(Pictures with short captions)

=== Section Start ===

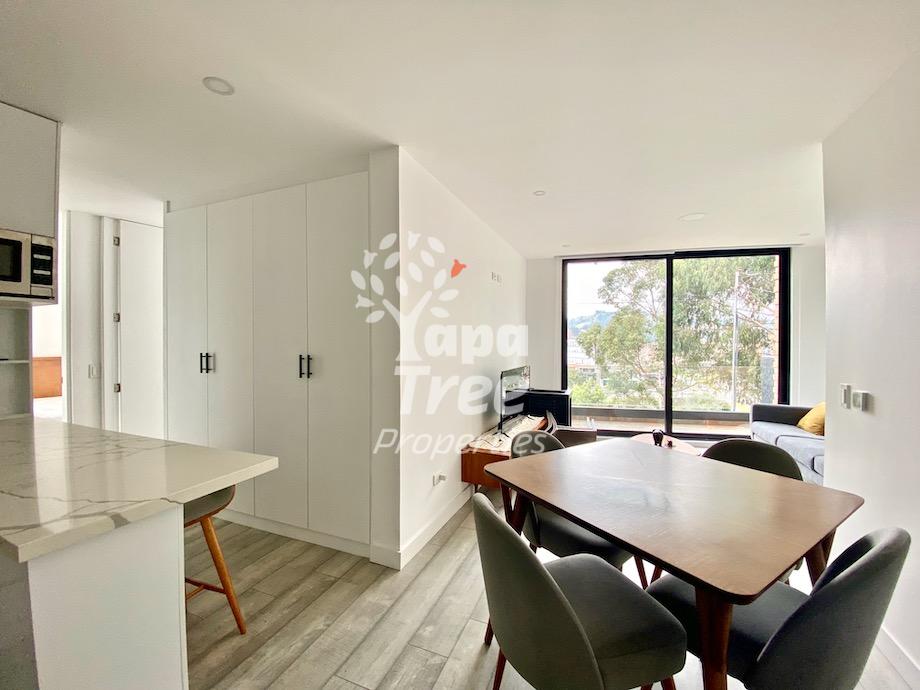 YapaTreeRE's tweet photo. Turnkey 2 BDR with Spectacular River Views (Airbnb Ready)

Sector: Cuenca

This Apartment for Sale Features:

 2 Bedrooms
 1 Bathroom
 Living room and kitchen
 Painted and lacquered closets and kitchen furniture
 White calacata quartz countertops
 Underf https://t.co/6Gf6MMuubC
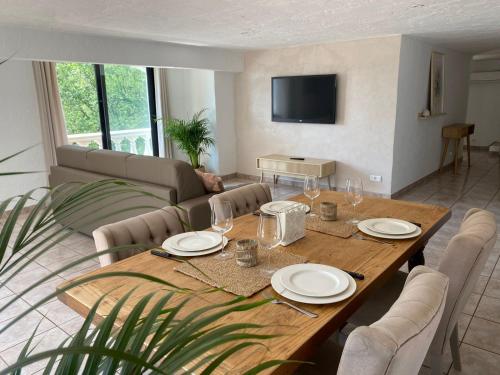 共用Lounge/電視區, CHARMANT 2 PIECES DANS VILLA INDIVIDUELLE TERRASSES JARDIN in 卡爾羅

=== Section End ===

* Description of the task *
Work through the records above. Copy every line with the string "kitchen".

* Task output *
 Living room and kitchen
 Painted and lacquered closets and kitchen furniture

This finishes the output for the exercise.